Pregnant women should be included in drug and vaccine development from the outset

The numbers of pregnant and postpartum women in the UK admitted to hospital or intensive care because of covid-19 peaked over the summer.1 Maternal mortality has reached concerning levels in 2021, with case fatality rates rising in the US, doubling in Brazil, and almost tripling in India since the beginning of the pandemic.234 In Brazil, health officials even suggested avoiding pregnancy to reduce risk during the pandemic.5

Inconsistent messaging from authorities, driven by lack of trial data, has increased covid-19 vaccine hesitancy among pregnant women. This, coupled with the increased transmissibility of new variants and relaxing of social distancing restrictions, contributed to the surge in hospital admissions seen in successive waves. Concerns around the longer term effect of covid-19 post partum, including long covid, cardiovascular complications of covid-19, and widening socioeconomic disparities are also mounting.6 Despite a desperate need for treatments, pregnant women continue to be left behind.

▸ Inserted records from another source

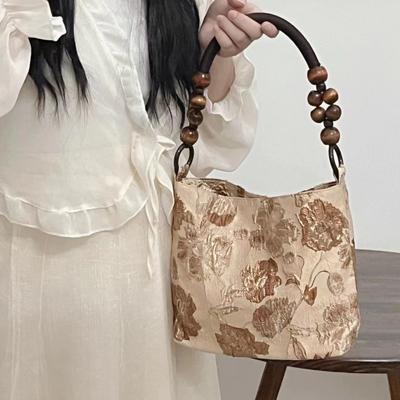 Damen Tasche Retro Jacquard Stoff Frühling Sommer Neue Schultertasche Handtasche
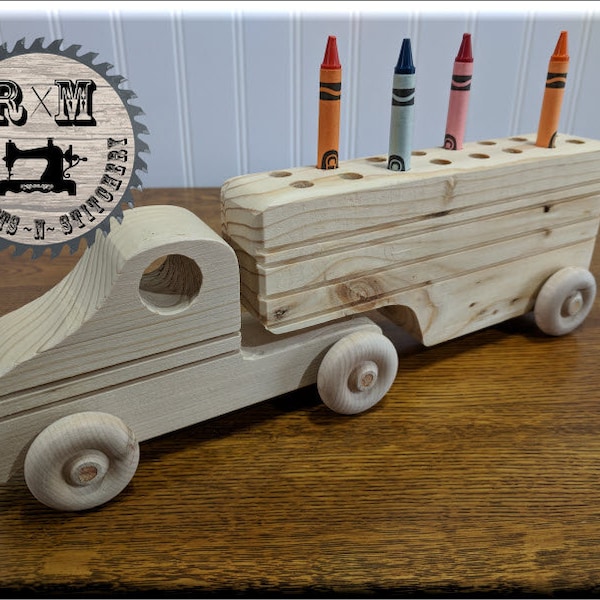 Wood Crayon Holder Etsy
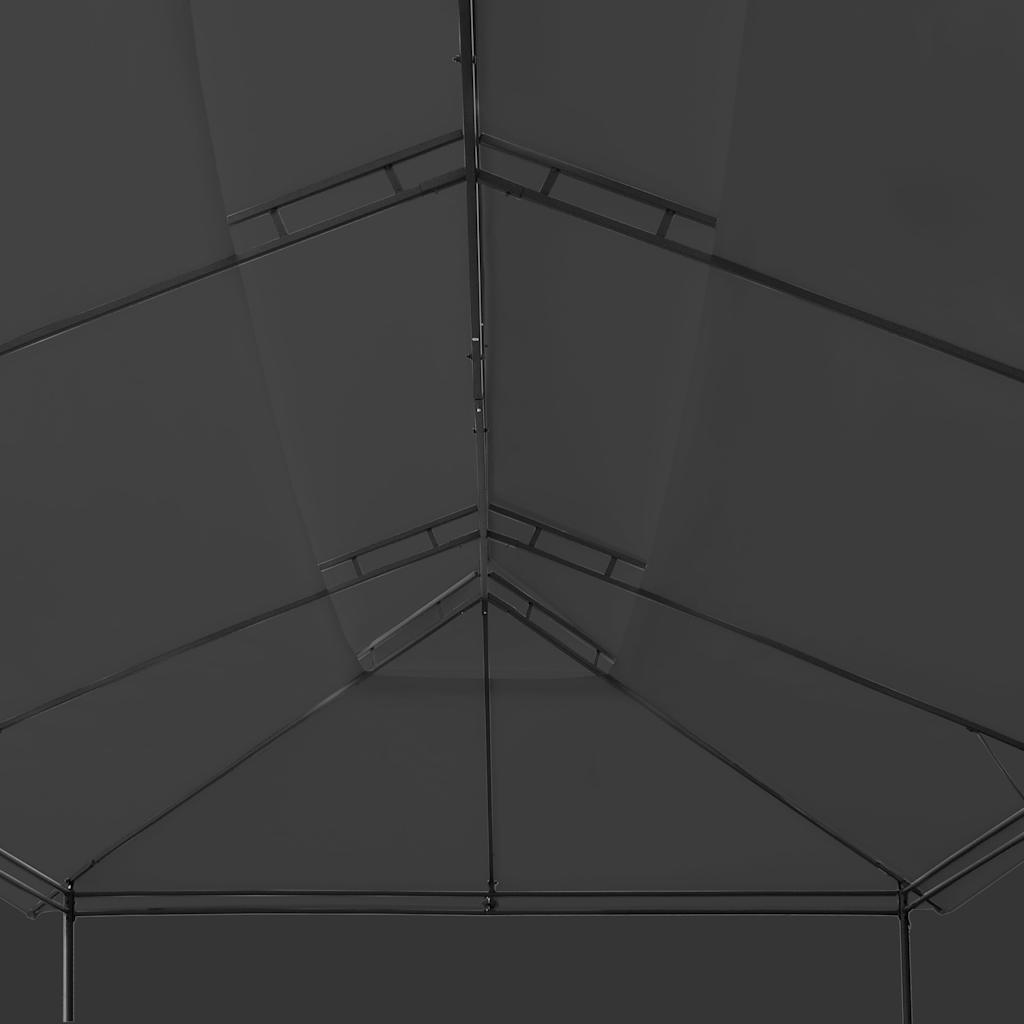 47966 vidaXL Gazebo with Curtains 600x298x270 cm Anthracite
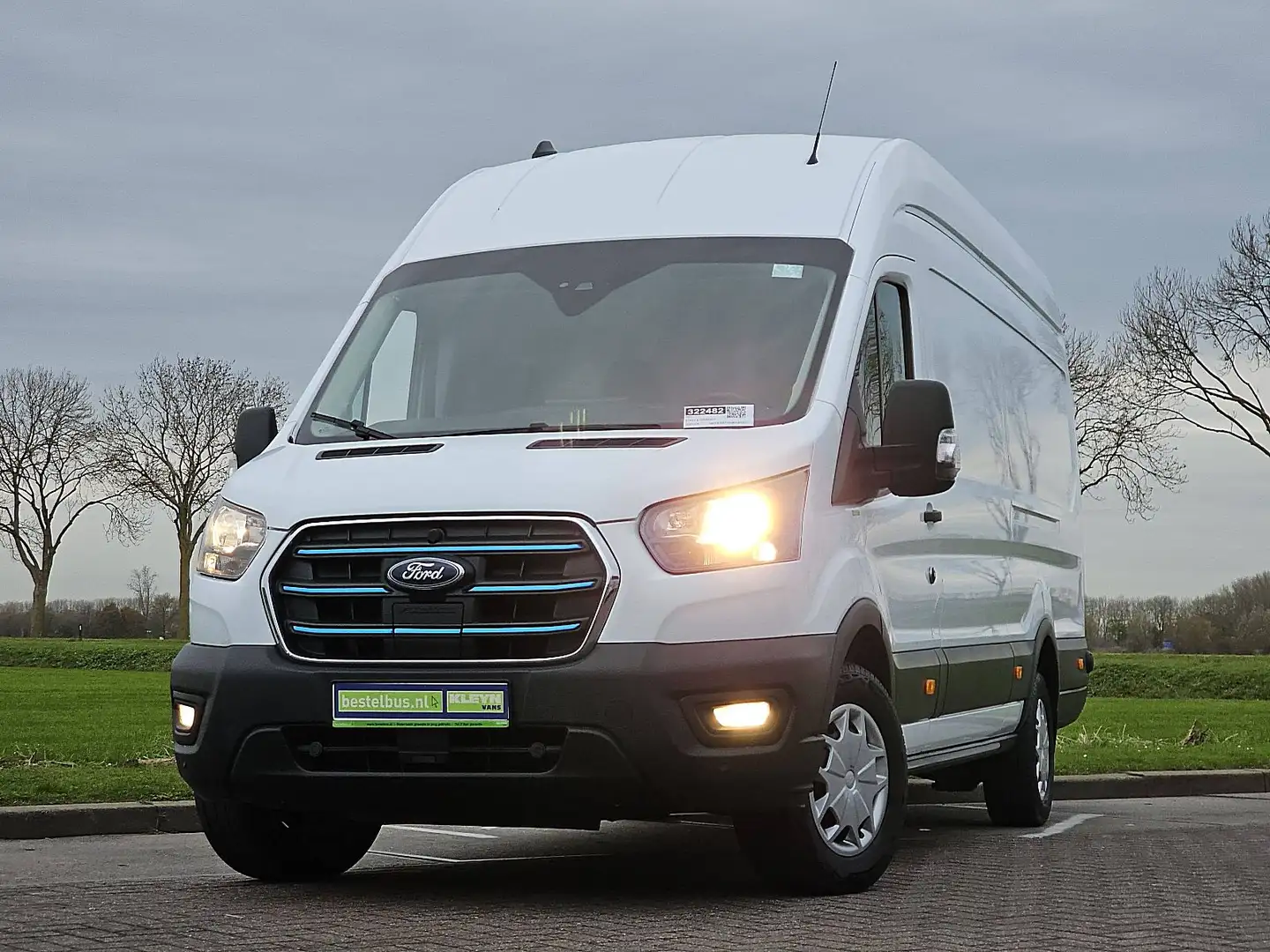 Ford E-Transit 350 L4H3 Trend 68 kWh Airco Automaat Koerier BPM-V Blanc - 2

In the long shadow of the thalidomide and diethylstilboestrol tragedies, only one drug designed for use in pregnancy, atosiban, has been licensed in four decades and only five prescription medicines (amoxicillin, labetalol, diazoxidine injection, doxylamine with pyridoxine, sodium feredetate) are licensed for non-obstetric use in pregnancy in the UK.7 A sobering 98% of all marketed drugs have insufficient or no safety data to guide dosing during pregnancy and lactation.8 This includes all covid-19 vaccines.

Vaccination in pregnancy is not a new concept; nor are the struggles with uptake. Concerns about covid-19 vaccination, like previous vaccines, have centred around fears of side effects for the fetus, doubts regarding efficacy, and even doubts around the need for immunisation.9 These concerns have been further compounded by misinformation regarding fertility, suspicion of the swift rollout of vaccines, and the exclusion of pregnant women from preapproval trials, with levels of vaccine hesitancy highest in deprived communities and among those from ethnic minority groups.10

Vaccination is currently recommended in pregnancy based on developmental and reproductive toxicology studies in animals, a positive risk-benefit profile in women of childbearing age, and post-marketing data from vaccinated pregnant women and their infants, rather than clinical trials.11 Despite cumulative data from over 200 000 pregnant women showing the effectiveness of vaccination,1112 low public confidence remains. Decisions around booster programmes are still evolving, but it is likely some pregnant women will fall into the prioritised eligible groups.13 The effect of vaccine hesitancy may, worryingly, cross over to other vaccinations such as influenza. It is essential to eradicate endemic off-label prescribing in pregnancy, which excludes women and their babies from the protections afforded by the rigours of the licensing process and creates unacceptable ethical and legal dilemmas for clinicians.

Routes to change

There are clear routes to improvement. Medicines regulators in Europe, the US, and the UK have recently taken a positive step by supporting “maternity investigation plans,” which build on the successes of paediatric investigation plans (PIPs) and orphan products.14 The introduction of PIPs through European legislation in 2007, mandated that medicines developers evaluate the needs of children for all new products. Orphan designation revitalised medicines development for rare diseases, and the US approved 31 products (58% of all approvals) for rare diseases in 2020.15

Regulators effectively enlivened research into these areas by offering incentives alongside obligations. Creative measures included a centralised procedure for the designation of orphan medicinal products, fee waivers, and scientific support from early development through to market authorisation. Both PIPs and orphan designation offer market exclusivity extensions after authorisation, with PIPs extending market protection to drugs no longer covered by patents, if they are then exclusively developed for use in children. A similar premise could be used to repurpose marketed drugs with a known safety profile for indications in pregnancy.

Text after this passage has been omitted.